• **Work to complete**
Begin at the line with "Textured Wool Rug - Navy" and output every line through the end of the records, exactly as given. Omit pictures.

[Records for the exercise]

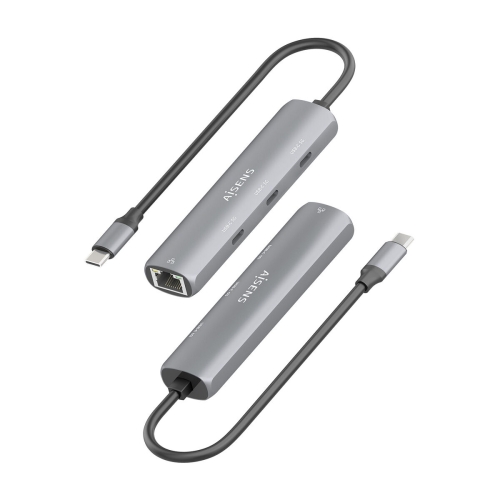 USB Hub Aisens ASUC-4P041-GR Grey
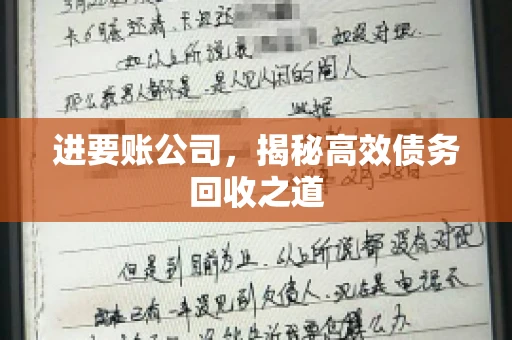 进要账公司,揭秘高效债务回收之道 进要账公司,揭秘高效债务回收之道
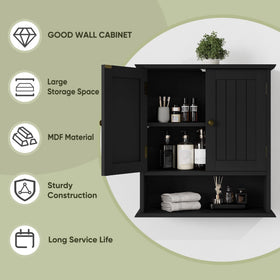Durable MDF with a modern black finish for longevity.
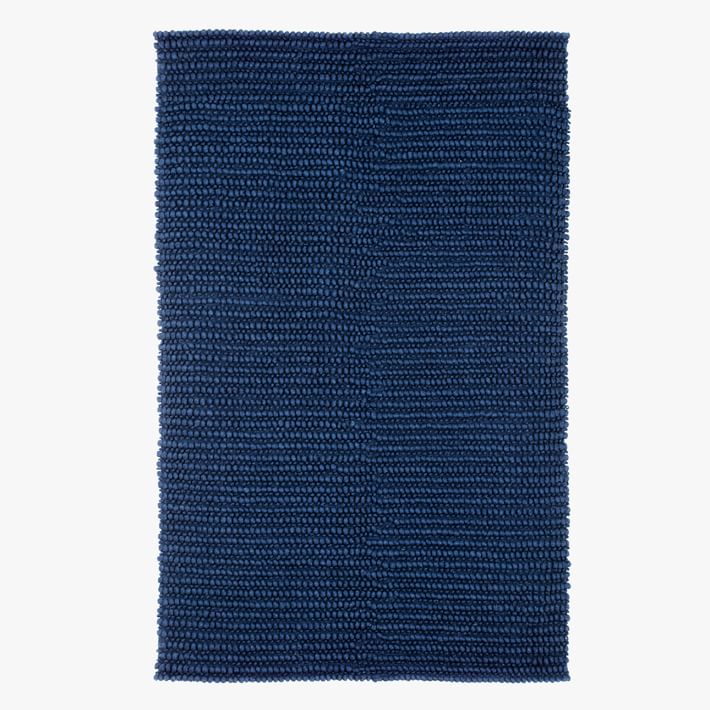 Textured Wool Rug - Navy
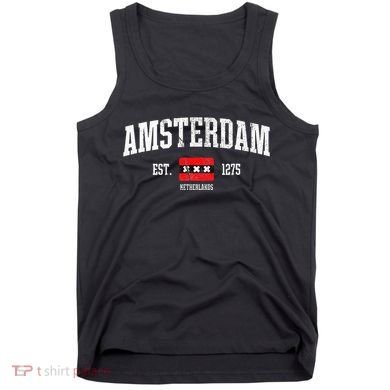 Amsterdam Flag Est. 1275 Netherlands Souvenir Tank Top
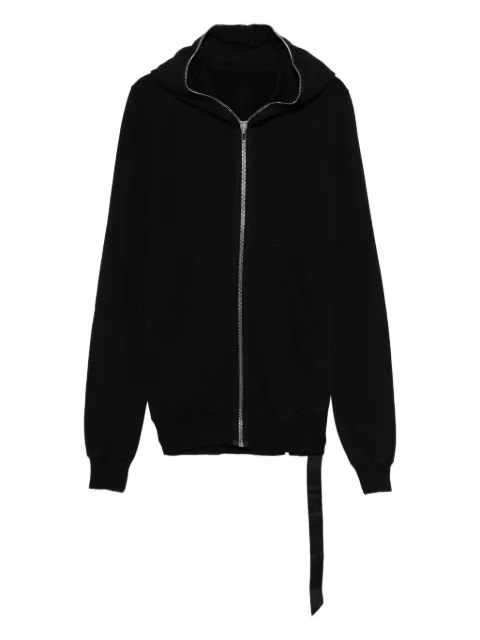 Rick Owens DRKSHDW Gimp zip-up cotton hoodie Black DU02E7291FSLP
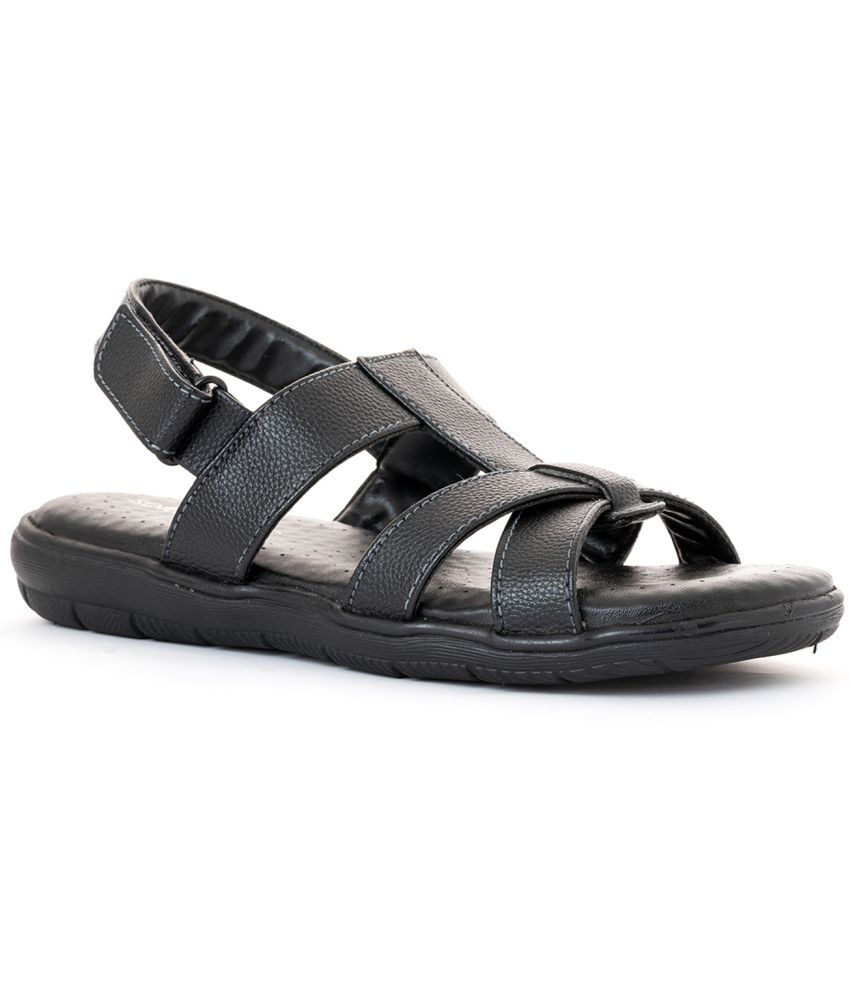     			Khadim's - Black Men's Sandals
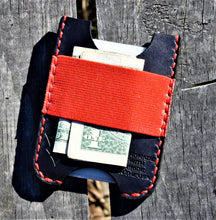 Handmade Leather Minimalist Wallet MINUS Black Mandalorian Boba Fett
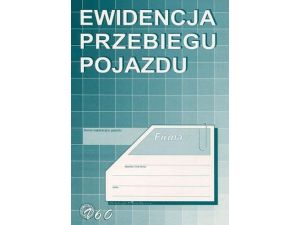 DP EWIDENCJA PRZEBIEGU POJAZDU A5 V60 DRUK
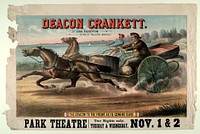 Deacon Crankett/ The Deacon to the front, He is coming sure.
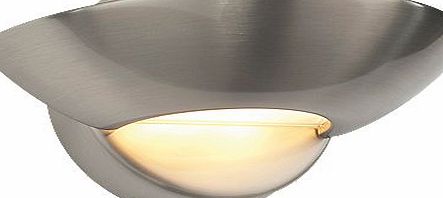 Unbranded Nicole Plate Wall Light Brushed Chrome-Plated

[/Records for the exercise]

• **Result for this exercise**
 Textured Wool Rug - Navy
 Amsterdam Flag Est. 1275 Netherlands Souvenir Tank Top
 Rick Owens DRKSHDW Gimp zip-up cotton hoodie Black DU02E7291FSLP
     			Khadim's - Black Men's Sandals
 Handmade Leather Minimalist Wallet MINUS Black Mandalorian Boba Fett
 DP EWIDENCJA PRZEBIEGU POJAZDU A5 V60 DRUK
 Deacon Crankett/ The Deacon to the front, He is coming sure.
 Unbranded Nicole Plate Wall Light Brushed Chrome-Plated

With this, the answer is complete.